The logical question at such a juncture would be to consider the emotion of embarrassment. Was he, your dreadfully handsome protagonist, embarrassed at having his hand rejected by the one he loved? Pah, certainly not, dear reader. For Jerome possessed the strength of ten men in the face of adversity. Fie every cretinous dog that turns in glee at the onset of another’s torment. For those willing to naysay the bold actions of the hopeless romantic are not fit to gorge upon the same sloppy ground beef concoction served in the lunchroom. Those willing to harp on one’s failed chivalrous conquest should be drawn, quartered, tarred, and feathered, all at once, if possible. The loathsome hags, hell-bent on relishing in the mockery of another are not fit to change the piss-pot of a kindergartener! At least our good friend Jerome had the courage, nay the strength, nay the cold-blooded cajones to say what he felt at the time and mean it. To be a romantic is no mere walk among the primrose path. It is a quest for the undying love of another, it is a lash along the chest at every heartbeat that beats for another; and it is a kick straight to the balls with every sentiment not returned.
It is now that I express my wish to encourage any and all dire Romeos to persevere in their own conquest for their personal Juliet. It is a long and frustrating world that must be taken with care. The road is dangerous and wearisome, yet is one that must be undertaken by those who possess the gumption to tackle even the most radiant of beauties. For who among us does not wish to share a gleaming, dentured smile with their significant other, well into the future? After all, an existence without mutual deterioration among couple’s body parts is frankly, an existence not worth fighting for. We should all aspire to grow old with one another, saggy paunches and all, and for that, I say persevere in the name of love.
And so we sit and gaze into the crackle of the flames before us. I watch as Jerome gulps down his glass of chocolate milk- so sugary, it could rot the steel frame of a tractor-trailer. Wrapped in the shrouds of his Batman pajamas, my dear friend Jerome is a man in recovery.

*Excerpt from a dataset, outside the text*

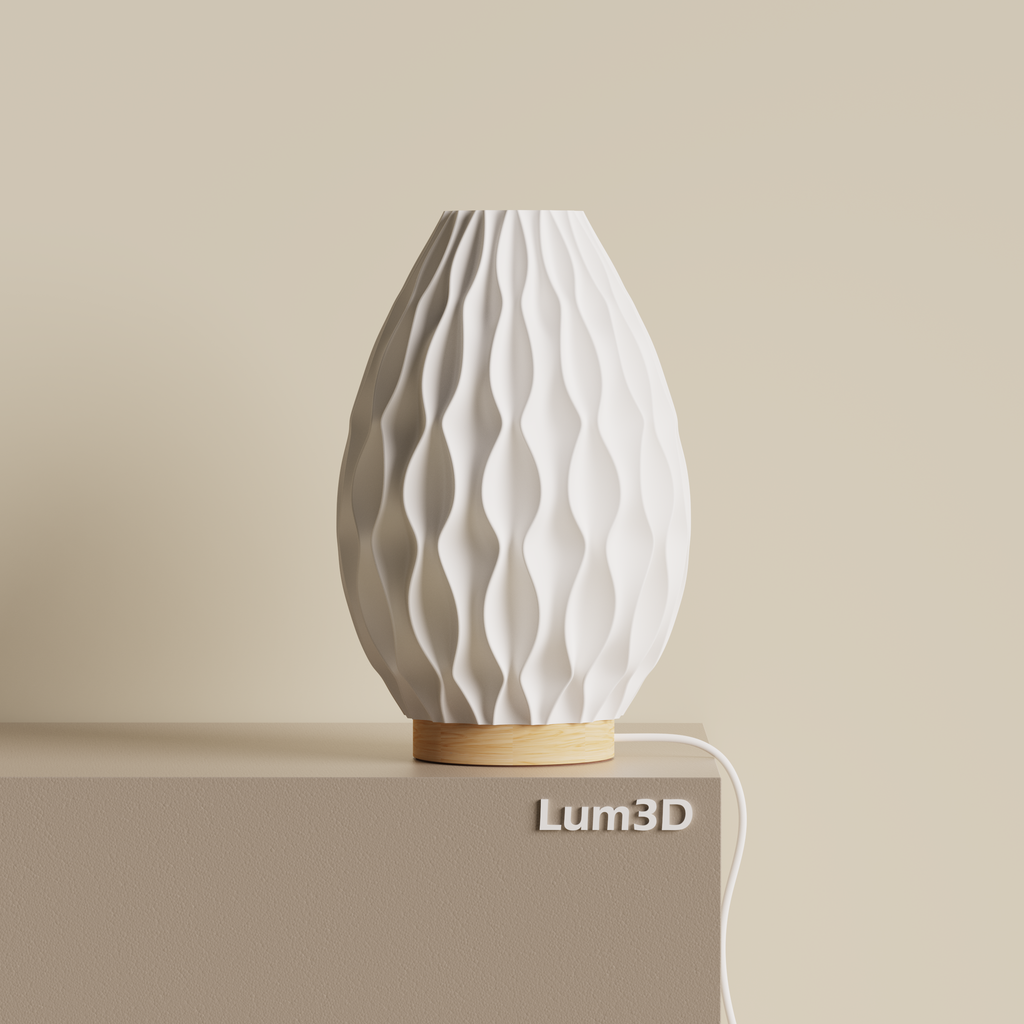 Lampe Ondine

I watch as he pours himself another glass of the silky ambrosia and slams it back with ease. He nods and signals for the yearbook. I carefully set it in his lap. I suppose it is time, after all. Flipping through the book at random, I gaze on in admiration as a smile plays out across Jerome’s lips. With an extended forefinger directed at a young girls portrait, Jerome holds the book up for my approval.
“Lauren Ramirez?” I say.
“Do you doubt my skill after my most recent floundering?” He says.
I slam back my glass of chocolate milk. It is so sugary it stings the back of my throat. I cough and regain my composure.